◆ Problem to work on
A word-for-word copy of the records below is needed, without the images.
Segment Start: The data
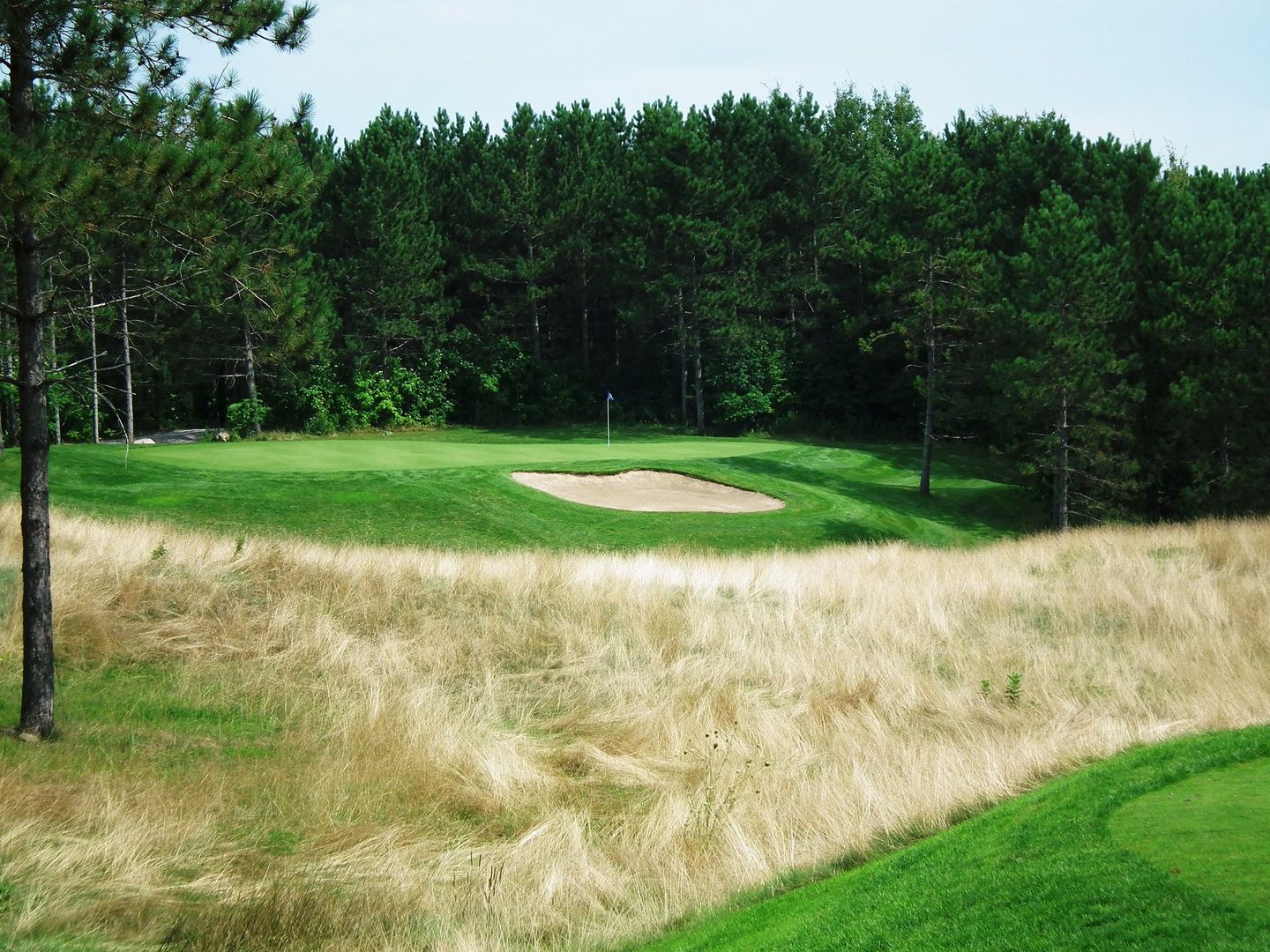 Mill Run Golf Club Championship Grind/Grist Course in Uxbridge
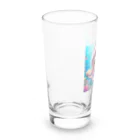 kazyan88のメグちゃん Long Sized Water Glass :left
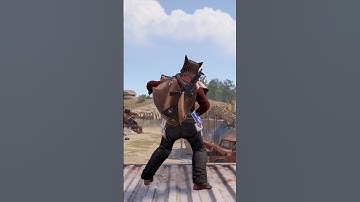 The craziest Rust glitch you’ll ever see… #rust #rustshorts #gaming #rustgame #dance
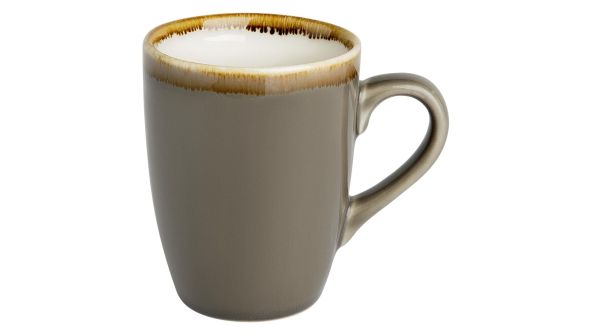 Olympia Kiln Mugs Smoke 340ml (6 Pack) HC394
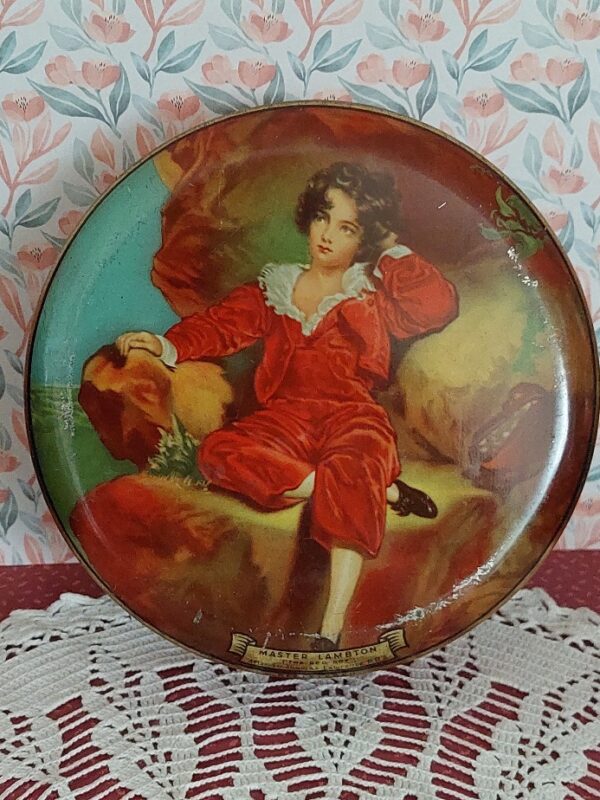 Vintage blik The Red Boy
Segment End: The data
◆ Exercise answer
 Mill Run Golf Club Championship Grind/Grist Course in Uxbridge
 kazyan88のメグちゃん Long Sized Water Glass :left
 The craziest Rust glitch you’ll ever see… #rust #rustshorts #gaming #rustgame #dance
 Olympia Kiln Mugs Smoke 340ml (6 Pack) HC394
 Vintage blik The Red Boy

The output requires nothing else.